Tuesday, July 12, 2011

Nothing in life is constant.

I was there on Sunday,
In case you can't tell where this cute picture was taken,
It's Chicago!
I went downtown with this guy named Matthew, I figured it was going to end up like last time,
With Guy, but it really wasn't, it was a better date x20, before we even decided to go downtown, we drank Four Lokos in my back yard, then went free running around my neighborhood. When we got back to my yard he pulled me next to him, put his arm around me, and started touching my lips, while he was doing that, I noticed his hands were shaking. I started kissing his fingertips, and then we kissed each other, and it made me happy, because I thought he was really sexy, and he liked me.

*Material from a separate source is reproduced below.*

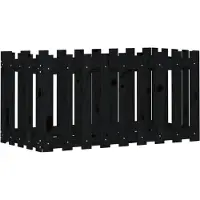 vidaXL Plantenbak verhoogd hekontwerp 100x50x50 cm grenenhout zwart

But yeah, we go downtown, and we acted like a couple, at one point he turned to me and was like,
"I feel like I'm a bit under dressed to be with you."
Bitch, I don't care what you're wearing, you're beyond attractive.
That's what went through my head.

We went to the park, drank red wine, went to the zoo, got veggie subs, then went to the beach :)
While we were at the park, we were like, crazy about each other, while we were drinking the wine, we talked to a crazy guy, who swore he'd seen Mat in concert before, then made our way to the zoo,
At the zoo there is a man on a horse on top of a little structure, we went under it and drank the rest of the wine, while looking at the lake and feeling the amazing breeze.
When we were at the beach we went to the pier, and sat right on the edge, I could feel the water splash my feet, he picked me up, put me on his lap, and held me.
We kissed more.

During this time, as you may already know I thought about Guy, and it made me really, really sad.. Because I thought that Mat was just doing the same thing to me, he'll take me out, show me an amazing time, and then leave me confused and hurt. I almost cried on the way to downtown, and when he was bringing me home too, I got that bad feeling in my chest, and panic rushed through me while getting out of the car. I walked straight to my back yard, and let it all out. I was angry and sad, and I wanted to stomp my feet until they bled, but I stopped. 
I thought about my day, and how much fun I had when I wasn't thinking about all the negative, and I decided that if he was going to be like the rest, he's going to come back around anyways, so I should bask in my great day, and move on to the next.
That's exactly what I did. Yesterday, I talked to him a bit and he said he had an amazing day too, he actually wants to see me again, take me to bars, play with his fire pit, do some more free running, and exploring. It puts me at ease, knowing he wants to see me again <3

He just texted me saying "Que pasa"
"Nada. Tu?"
"Mi habla en el telefono con una mucho bonita chica."
"That was very cute."
"Gracias mi amiga."
"No problema, chulo."

I meet him because he complimented me in Italian, and now he's speaking Spanish to me.
I like it how he's not boring, and I hope this continues.
Yesterday, I smoked with my brother and his girlfriend at this place they call 'The Stairway'
I want to take pictures of it and post them here, I've been there about 4 times already,
It's kind of a dump, but I think it's pretty.